Update: The 5th U.S. Circuit of Court of Appeals on Feb 1, 2023 sided with the Texas judge cited below, ruling that the federal ban was unconstitutional. The Justice Department has indicated that it will appeal.
By April M. Zeoli and Shannon Frattaroli
For a large part of the history of the United States, domestic abuse was tolerated under the nation’s legal system. There were few laws criminalizing domestic violence, and enforcement of the existing laws was rare.
It was only in the past few decades that laws criminalizing domestic violence came to be widespread and enforced. But now, the U.S. is in danger of backtracking on that legal framework precisely because of the nation’s historical legacy of turning a blind eye to domestic violence.
On Nov. 10, 2022, a judge in the Western District of Texas struck down the federal law that prohibits access to guns for people subject to domestic violence protection orders.
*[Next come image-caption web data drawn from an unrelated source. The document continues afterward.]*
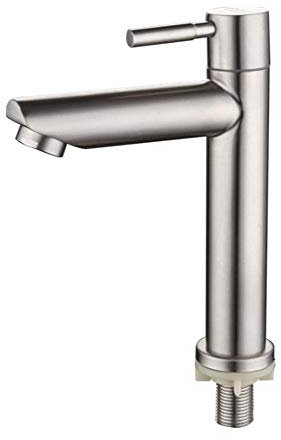 AMLY Robinet de Cuisine Eau Froide Uniquement Robinet Lavabo Surface Chromé en Cuivre Durable Robinetterie Lave Mains Cartouche Céramique Mousseur Démontable Pratique pour Nettoyer ou Remplacer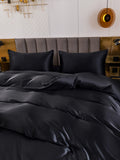 SilkSilky UK 19Momme Pure Silk Bedding Set Black 005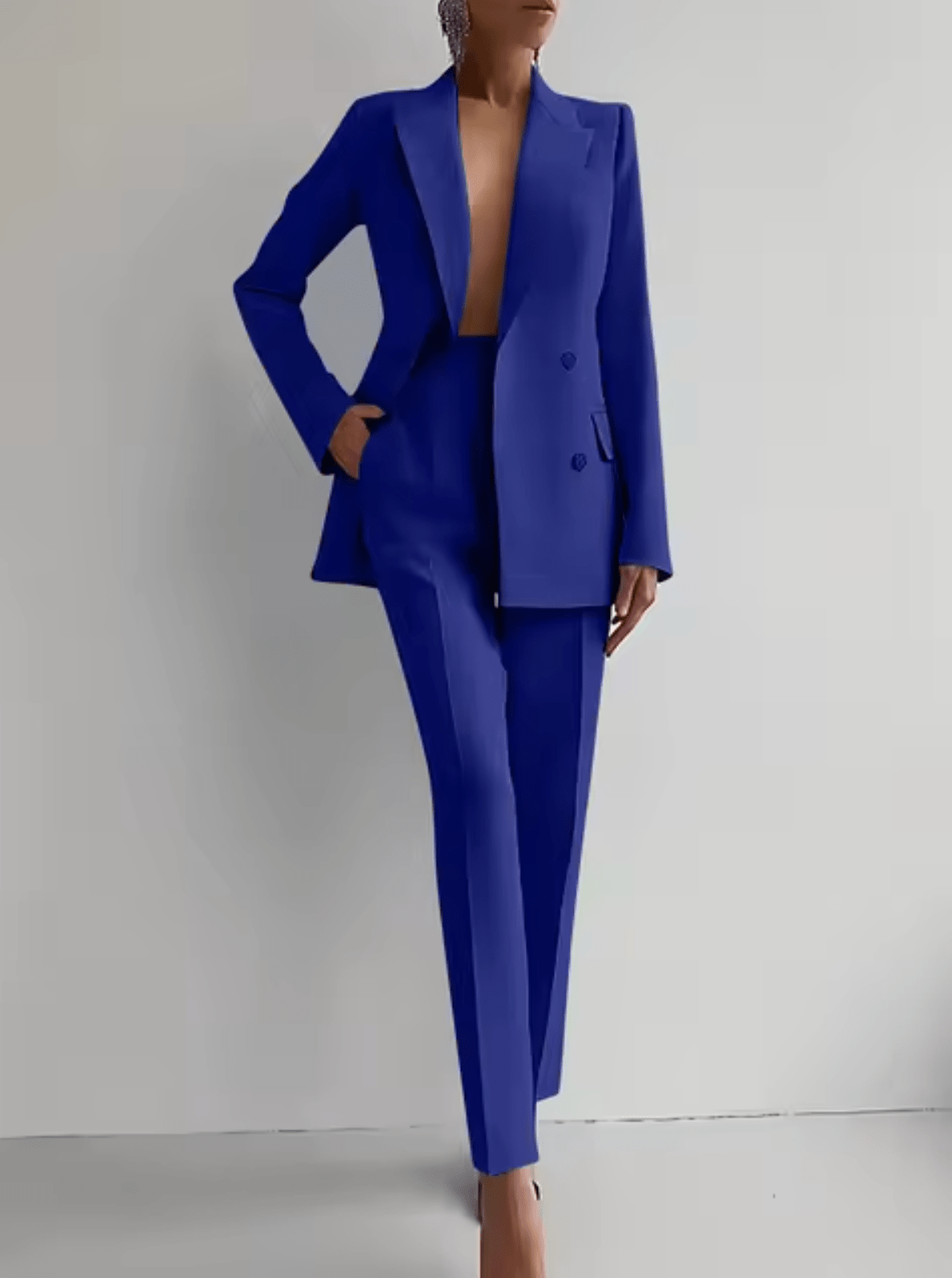 Damen Blazer - und Plisseehosen - Set - Livezo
He did this based on a 2022 U.S. Supreme Court ruling, NYSRPA v. Bruen, which held that, to be constitutional, a firearm restriction must be analogous to laws that were in existence when the country was founded. In other words, disarming domestic abusers violates the Second Amendment because those types of laws didn’t exist at the founding of the country.
The ruling has since been appealed to the 5th Circuit Court. The outcome of the appeal is far is from certain.
We study the link between gun laws and domestic violence in the U.S. and know that backtracking on laws that prevent the perpetrators of domestic violence from getting their hands on guns will put lives at risk – the research has proved this time and time again.
Putting lives in danger
At present, federal law prohibits persons subject to final – rather than temporary – domestic violence protection orders from purchasing or possessing firearms. In addition, 39 states and the District of Columbia have similar prohibitions on their statutes, with many expanding the restrictions to include individuals under temporary, or ex parte, orders prior to a full hearing.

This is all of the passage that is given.